Description
Nominated for a Governor General's Award for Translation
Yesterday, on my way back from the museum: my head is full of images of storms. A boundless sea of paintings and photographs. Other storms I build like a backdrop, with sombre and anonymous characters, impossible to identify. I remain thus all evening, pressed up against the existence of a storm without feeling threatened. Waiting. After a few moments I become, I am, the storm, the disruption, the precipitation, the agitation that puts reality in peril.
Carla Carlson is at the Hotel Clarendon in Quebec City trying to finish a novel. Nearby, a woman, preoccupied with sadness and infatuated with her boss, catalogues antiquities at the Museum of Civilization.
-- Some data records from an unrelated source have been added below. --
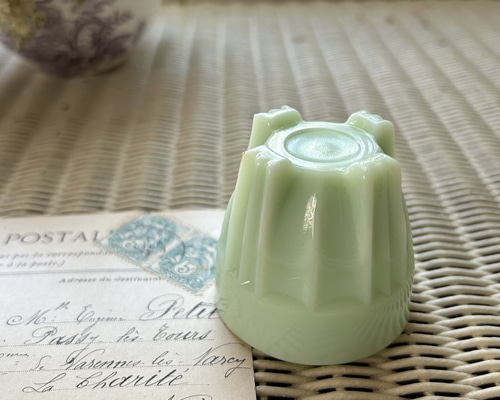 リモージュ・グリーンヨーロピアンエッグケース フランスVintage パステルグリーン エッグスタンド ガラス製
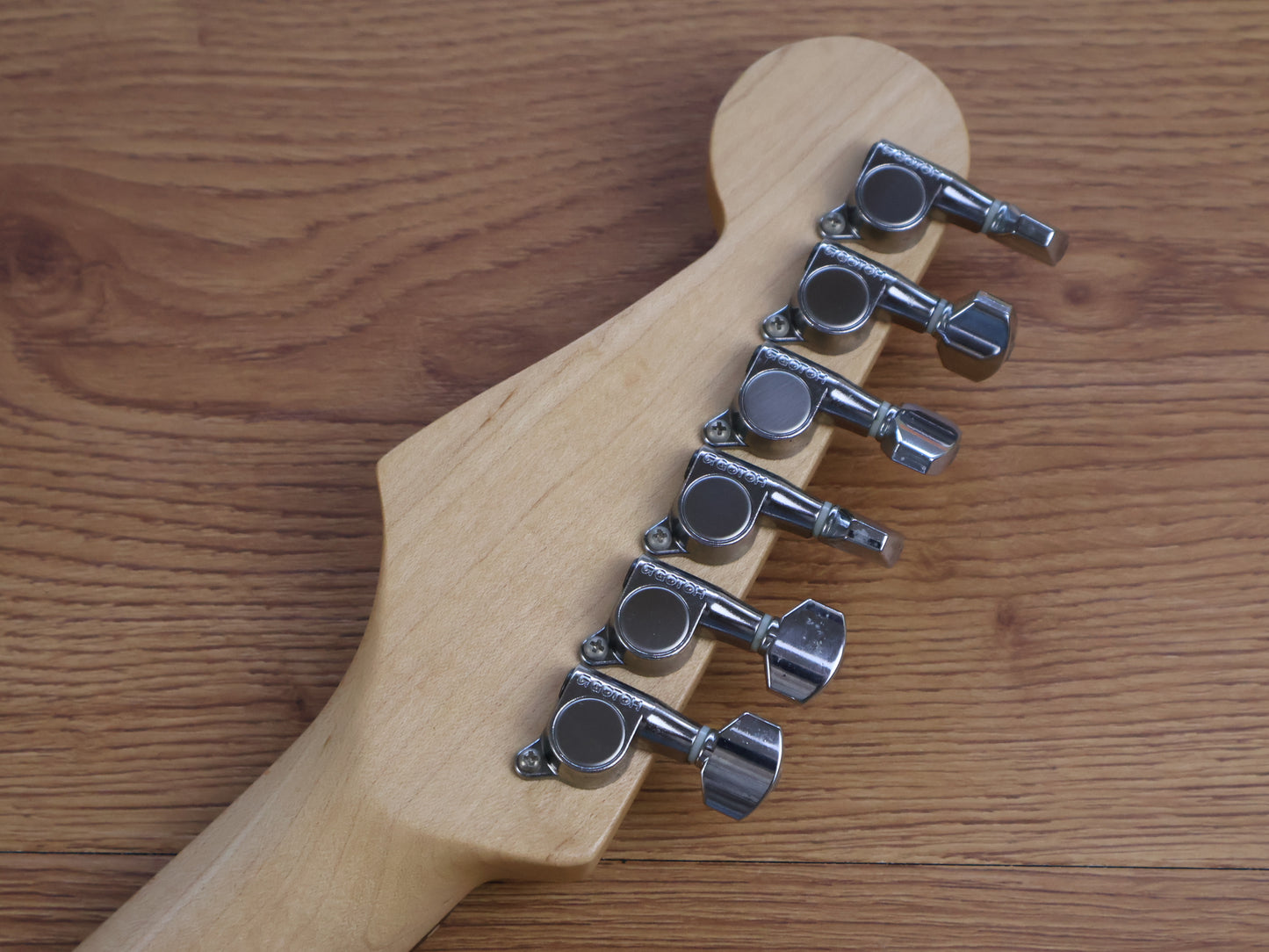 2012 Fender Japan ST-STD Stratocaster Standard (Sunburst)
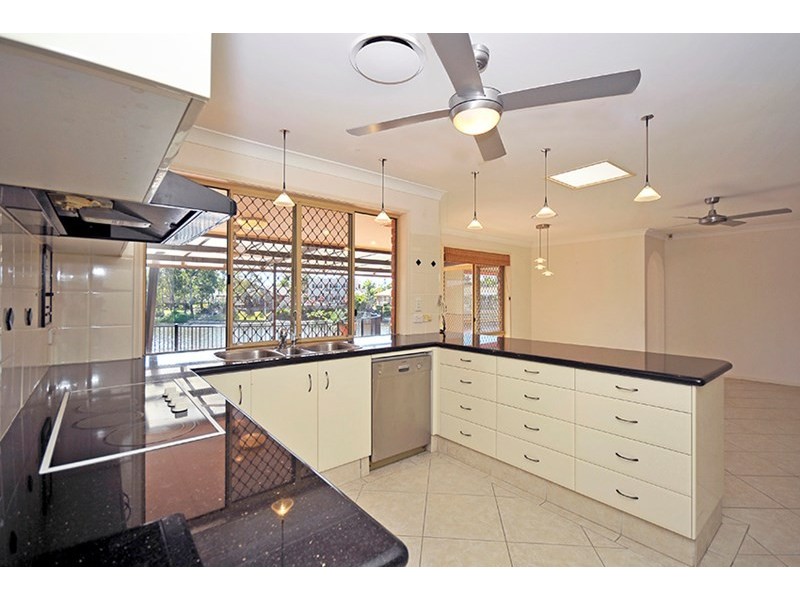 86 Manly Drive, Robina QLD 4226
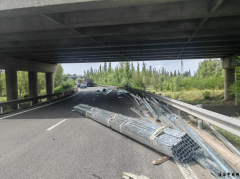 <strong>驾驶员行驶至高速公路匝道 操作不当导致30余吨槽钢洒</strong>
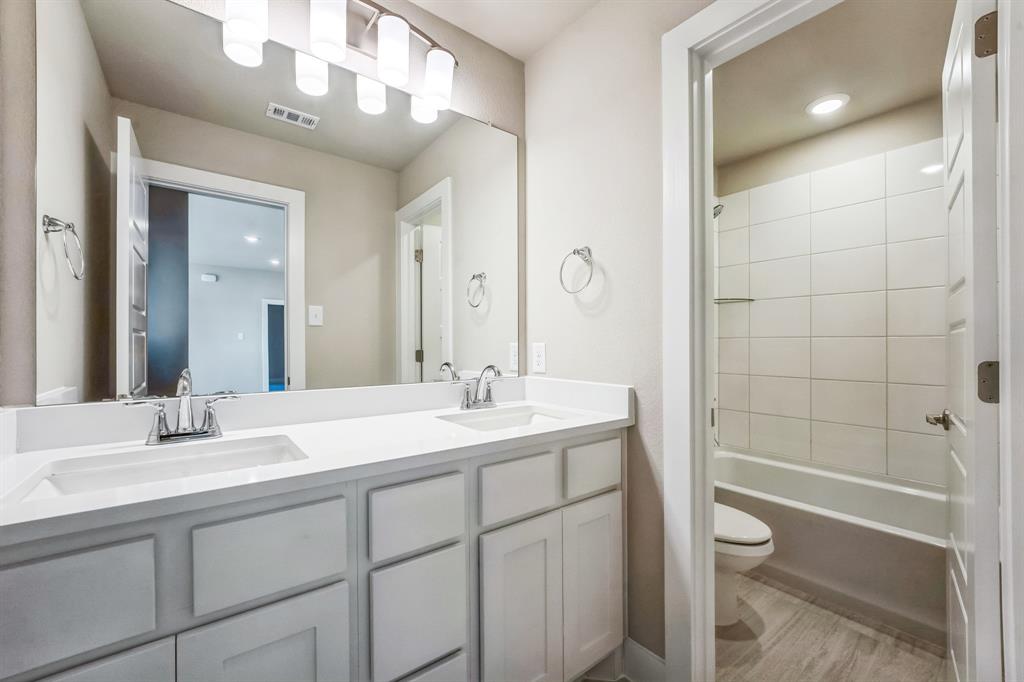 9832 Palermo Drive Property Photo 15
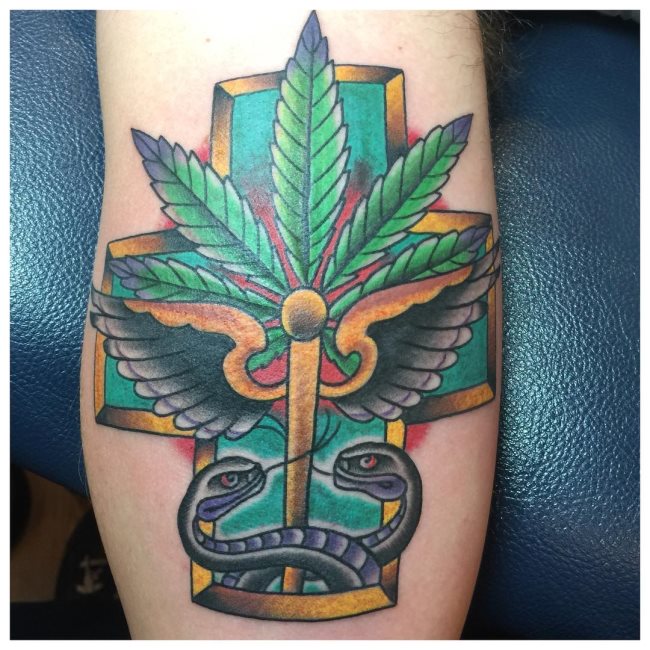 tatouage marijuana cannabis 43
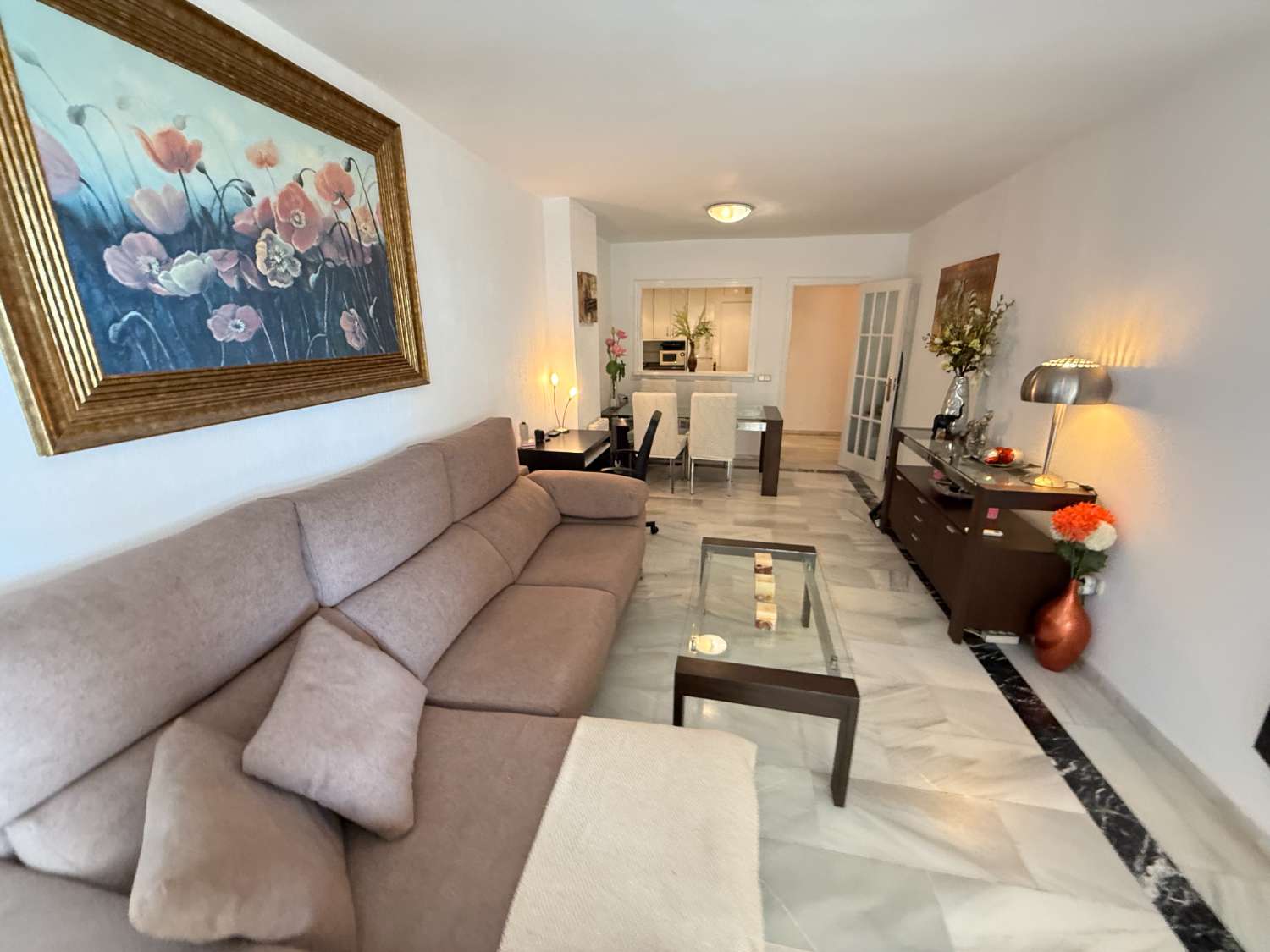Exclusive apartment with a terrace in Parque Doña Sofía, Fuengirola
Every night, the two women meet at the hotel bar and talk – about childhood and parents and landscapes, about time and art, about Descartes and Francis Bacon and writing.
When Yesterday, at the Hotel Clarendon appeared in French (as Hier), the media called it the pinnacle of Brossard’s remarkable forty-year literary career. From its intersection of four women emerges a kind of art installation, a lively read in which life and death and the vertigo of ruins tangle themselves together to say something about history and desire and art.
‘Hier is a book in which the love of language, authorial anxiety and the generosity of a writer who has dedicated herself to the craft of writing are truly revealed.’
– Le Devoir
‘An explorer of language, Brossard has, for many years, pursued a demanding and unarguably original oeuvre. Hier, her latest book, is a kind of sum or synthesis of her research and her meditations.’